Through this evolution, I’ve learned marketing “on the fly” – this was my highest hurdle. In doing so, the research and application has revealed to me that my skills lend very well to marketing! Furthermore, I enjoy it!
These efforts have drawn from my aptitude for:
- Technology – researching free & low-cost options; how they integrate with one another to ease end-user experience
- Research – discover my ‘hole’ in knowledge / awareness, close those gaps
- Data – what’s needed, sources of , governance of
- Strategy & storytelling – analytics, data science, visualization
A few critical take-aways for me are:
- Marketing spend is up more than 200%, ever increasing competition for attention
- Small businesses nominally spend 10 – 20% of their monthly revenue on marketing
- It’s easy to overpay (be over sold) for what you need to market your small business
- Current & on-going shifts in social algorithms are proving to be major game-changers
- Shift being away from # of followers / subscribers to engagement with content
- Content (marketing assets) volume/quality need to be significant ramped up
What I have come to understand & how I’ve proceeded:
If time is on your side (you have more time than money), try to explore & do as much as you possibly can for yourself – within your interests – for free (or, essentially free).

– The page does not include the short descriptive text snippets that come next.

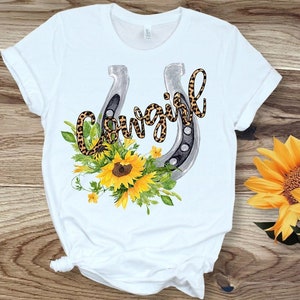 Cowgirl Horseshoe Shirt | Mom and Me | Womens and Girls | Horse | Sunflower | Cowgirl Tee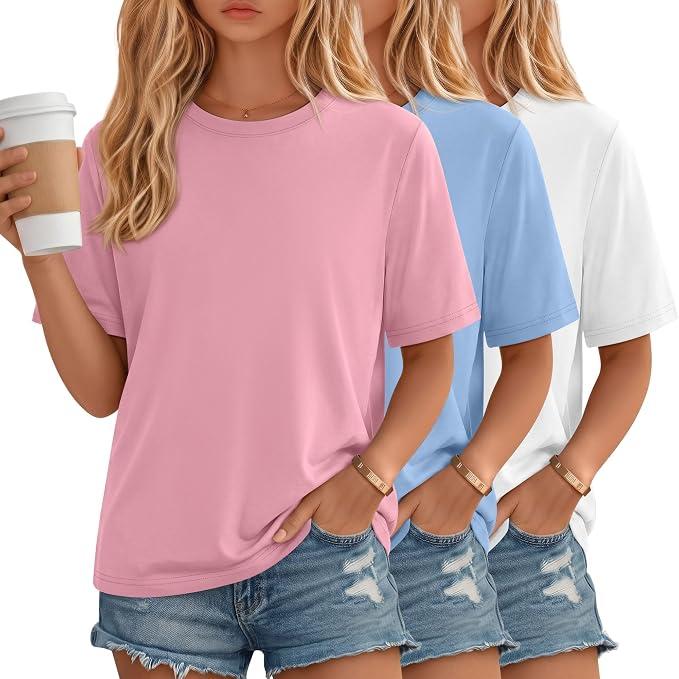 3 Pack Girls' Shirts Short Sleeve Oversized Tops  Crew Neck Loose T Shirts Teen Soft Basic Tee Kids Clothes  13-14Y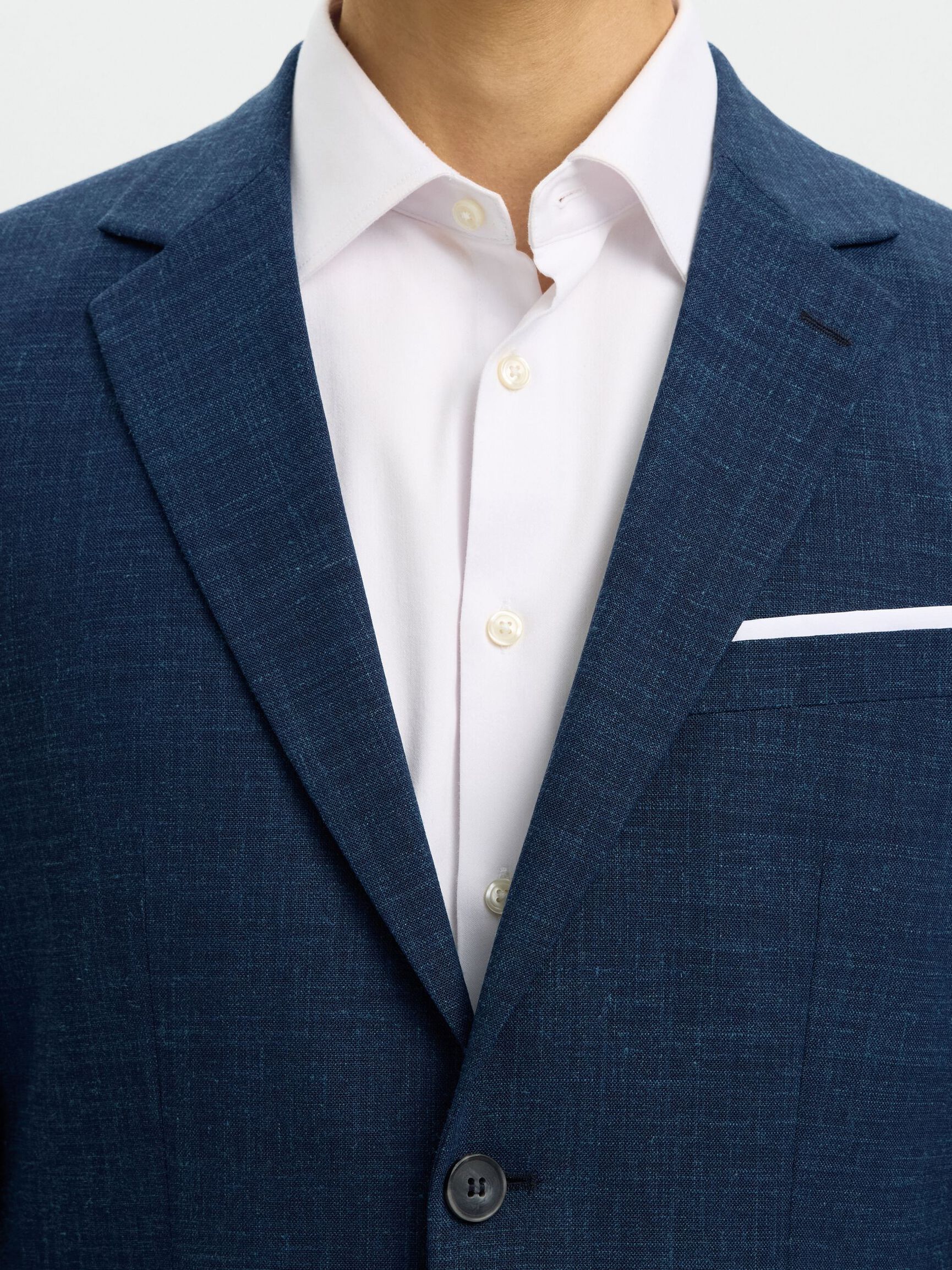 SLIM FIT ENKELTRADET BLAZER, Dark Navy, highres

- There’s a lot of freemium content & tools out there
- Doing so will enable you to:
- Discover & establish your voice, style, brand – which will ease your ability to communicate that when you’re ready / needing to hire marketing support
- Familiarizing yourself with the skillsets & technologies involved, as well as the time needed to create a marketing asset / campaign – which will enable you to understand / recognize fair-appropriate pricing once you’re paying for these services.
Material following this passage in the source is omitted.